(This is our first blog post)
The current UK ‘Summary of Product Characteristics‘ for doctors states :
‘4.4 Special warnings and precautions for use
|Teratogenic effects Roaccutane is a powerful human teratogen inducing a high frequency of severe and life threatening birth defects. Roaccutane is strictly contraindicated in: – Pregnant women – Women of childbearing potential unless all of the conditions of the Pregnancy Prevention Programme are met|
Pregnancy Prevention Programme
This medicinal product is TERATOGENIC
Isotretinoin is contraindicated in women of childbearing potential unless all of the following conditions of the Pregnancy Prevention Programme are met:
• She has severe acne (such as nodular or conglobate acne or acne at risk of permanent scarring) resistant to adequate courses of standard therapy with systemic anti-bacterials and topical therapy (see section 4.1 ”Therapeutic indications“).
• The potential for pregnancy must be assessed for all female patients.
• She understands the teratogenic risk.
• She understands the need for rigorous follow-up on a monthly basis.
• She understands and accepts the need for effective contraception, without interruption, 1 month before starting treatment, throughout the entire duration of treatment and for 1 month after the end of treatment.
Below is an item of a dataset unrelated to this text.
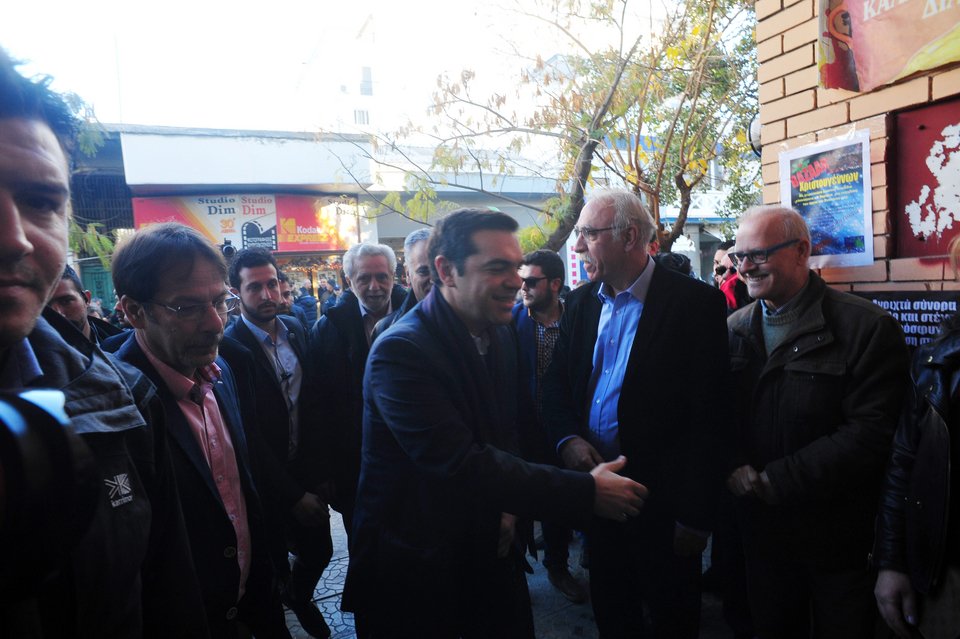 Τσίπρας: Στόχος μας στη Δραπετσώνα, να έχουμε πια ζωή -Παρέδωσε στους πολίτες το παραλιακό μέτωπο [εικόνες] | iefimerida.gr 2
At least one highly effective method of contraception (i.e. a user-independent form) or two complementary user-dependent forms of contraception should be used.
• Individual circumstances should be evaluated in each case, when choosing the contraception method, involving the patient in the discussion, to guarantee her engagement and compliance with the chosen measures.
• Even if she has amenorrhea [no periods] she must follow all of the advice on effective contraception.
• She is informed and understands the potential consequences of pregnancy and the need to rapidly consult if there is a risk of pregnancy or if she might be pregnant.
• She understands the need and accepts to undergo regular pregnancy testing before, ideally monthly during treatment and 1 month after stopping treatment.
• She has acknowledged that she has understood the hazards and necessary precautions associated with the use of isotretinoin.
These conditions also concern women who are not currently sexually active unless the prescriber considers that there are compelling reasons to indicate that there is no risk of pregnancy.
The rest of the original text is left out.